■ **WORK INSTRUCTION**: Every picture stays out; everything else in the listing below is to be returned exactly.

■ **DATA BELOW**:
+--
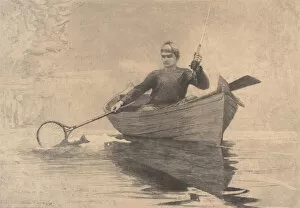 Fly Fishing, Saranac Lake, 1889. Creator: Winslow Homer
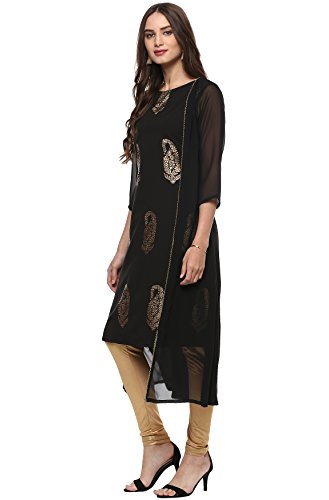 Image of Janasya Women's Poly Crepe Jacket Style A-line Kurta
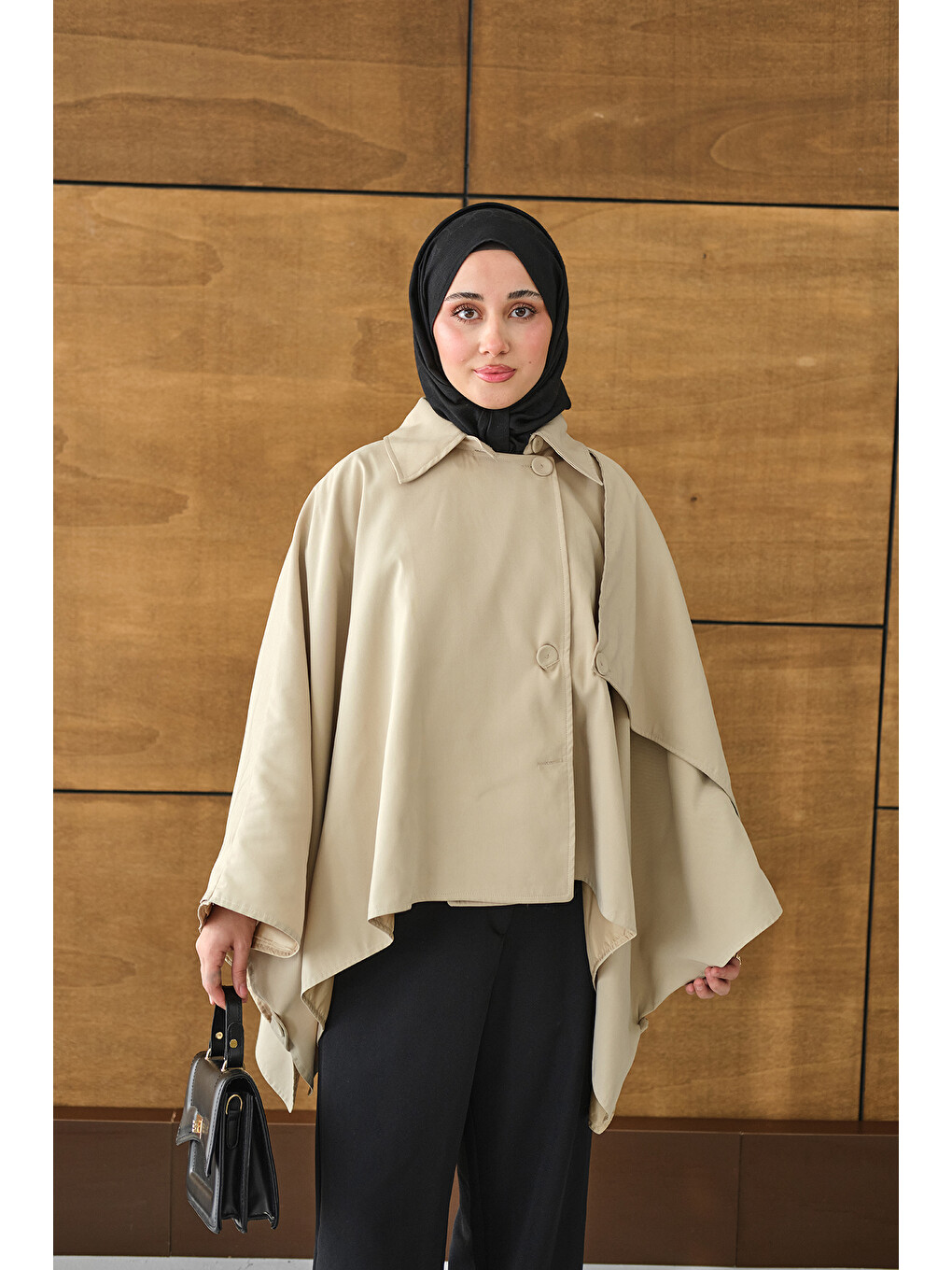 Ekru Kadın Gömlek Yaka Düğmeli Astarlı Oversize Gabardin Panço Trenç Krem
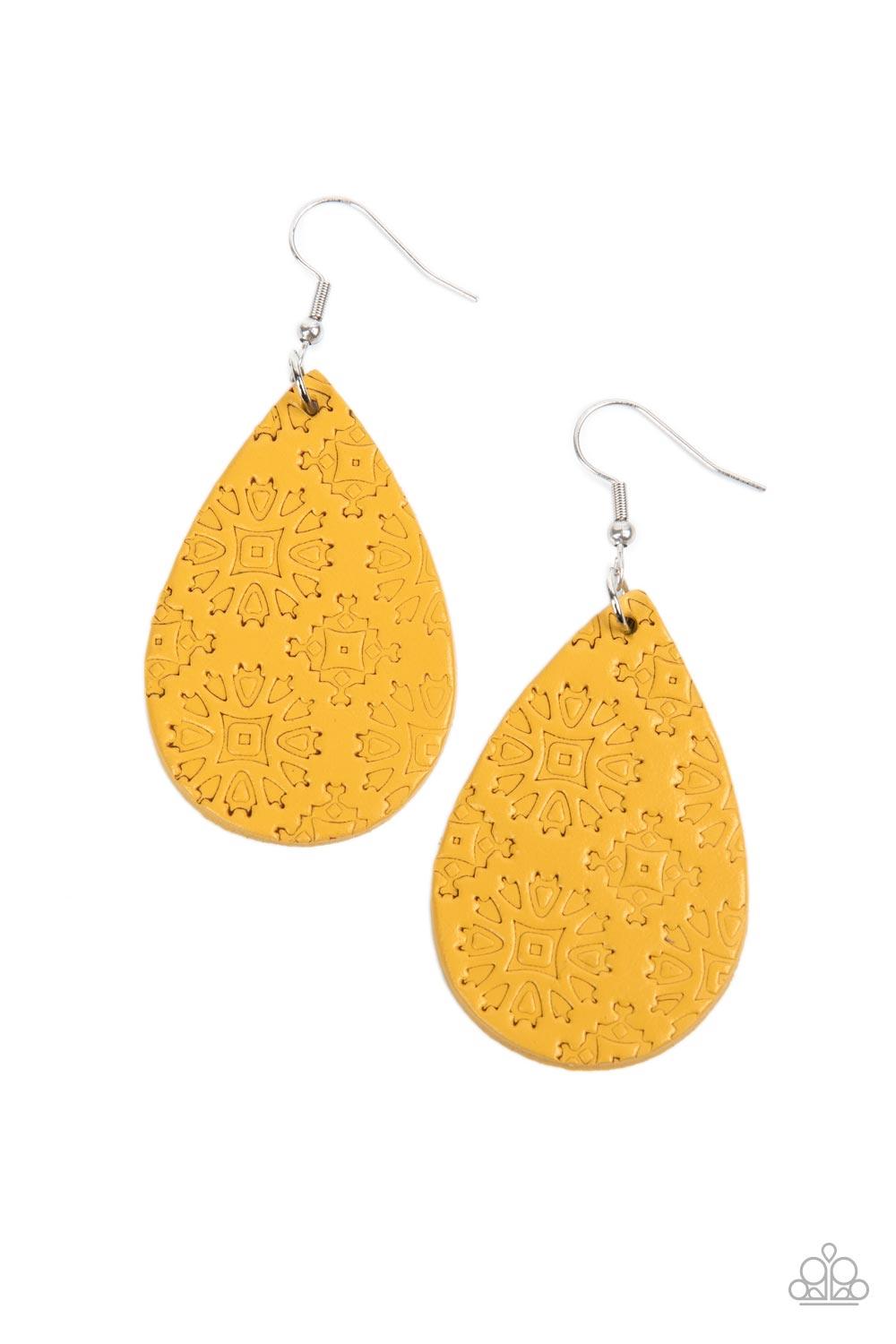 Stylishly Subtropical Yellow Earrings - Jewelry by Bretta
+--
■ **OUTPUT BELOW**:
 Fly Fishing, Saranac Lake, 1889. Creator: Winslow Homer
 Image of Janasya Women's Poly Crepe Jacket Style A-line Kurta
 Ekru Kadın Gömlek Yaka Düğmeli Astarlı Oversize Gabardin Panço Trenç Krem
 Stylishly Subtropical Yellow Earrings - Jewelry by Bretta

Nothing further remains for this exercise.